• THE TASK:
All entries below are to be written out again exactly, but no picture is to be copied.

• DATA RECORDS:
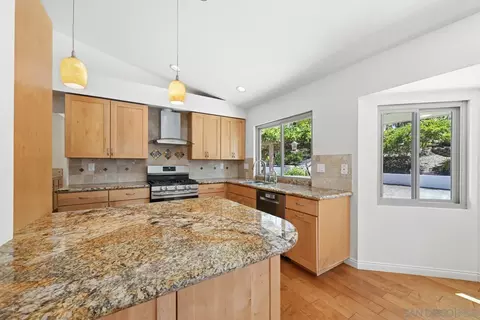 Kitchen - 16490 Bridlewood, Poway, CA 92064 photo 1 of 4
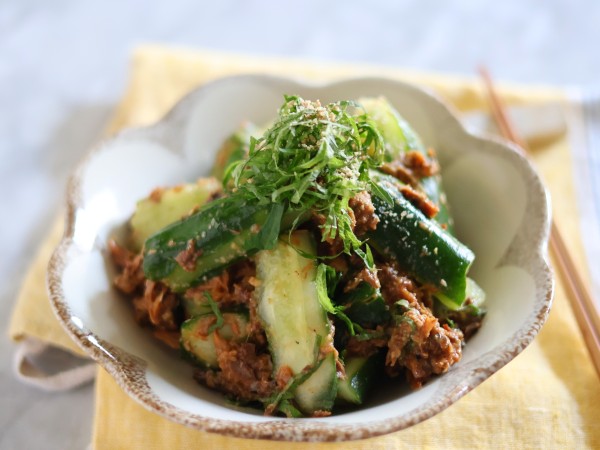 サバの味噌煮缶レシピ【きゅうりと大葉のさっぱり和え】｜5分で完成＆栄養満点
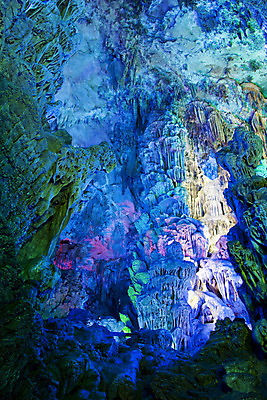 포토 JPG 해외이미지 사람없음 빛 중국 탐험 동굴 야간 암초 빛망울 석회암 점화 종유석 지질학 해외202004 해외포토 자연요소 교육 아시아 암석 파일형식 이미지허브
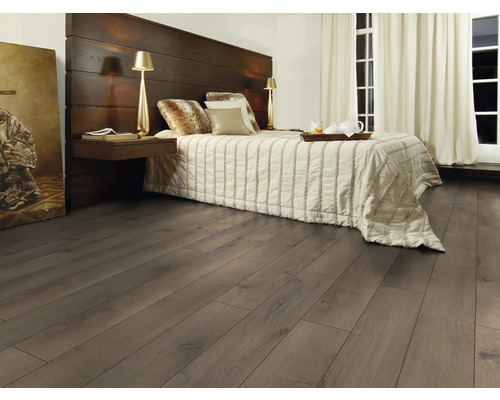 Schlafzimmer mit Laminatboden in Holzoptik und Doppelbett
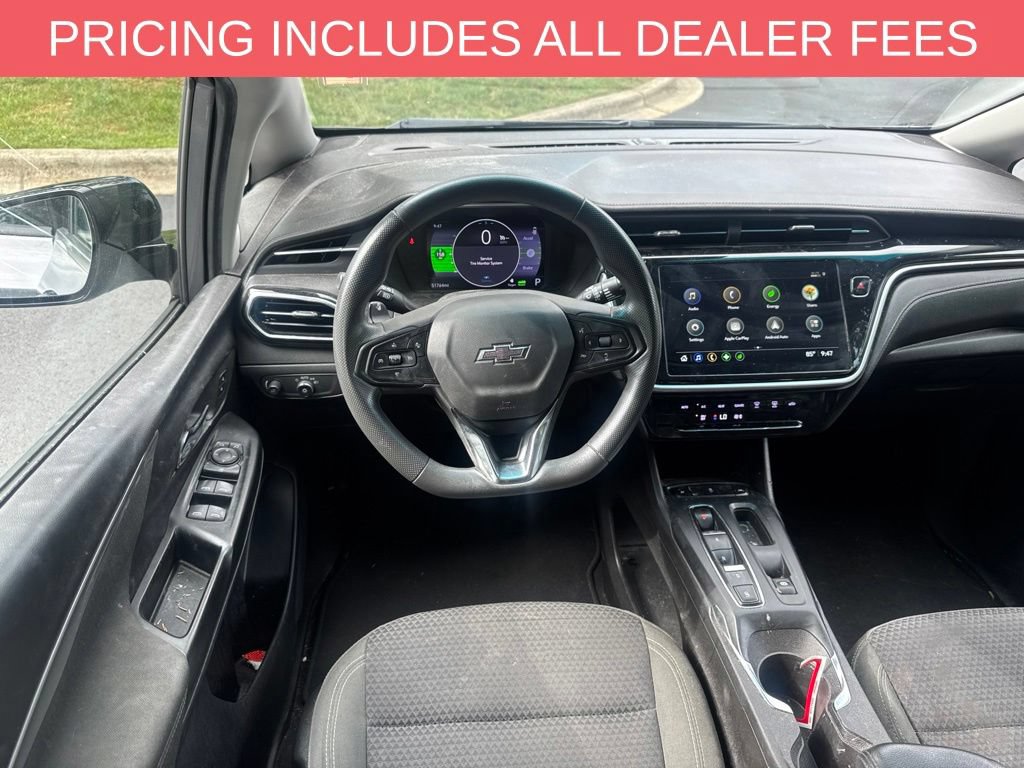 Used 2023 Chevrolet Bolt LT w/ Driver Confidence Package FWD image 4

• OUTPUT FOR THIS TASK:
 Kitchen - 16490 Bridlewood, Poway, CA 92064 photo 1 of 4
 サバの味噌煮缶レシピ【きゅうりと大葉のさっぱり和え】｜5分で完成＆栄養満点
 포토 JPG 해외이미지 사람없음 빛 중국 탐험 동굴 야간 암초 빛망울 석회암 점화 종유석 지질학 해외202004 해외포토 자연요소 교육 아시아 암석 파일형식 이미지허브
 Schlafzimmer mit Laminatboden in Holzoptik und Doppelbett
 Used 2023 Chevrolet Bolt LT w/ Driver Confidence Package FWD image 4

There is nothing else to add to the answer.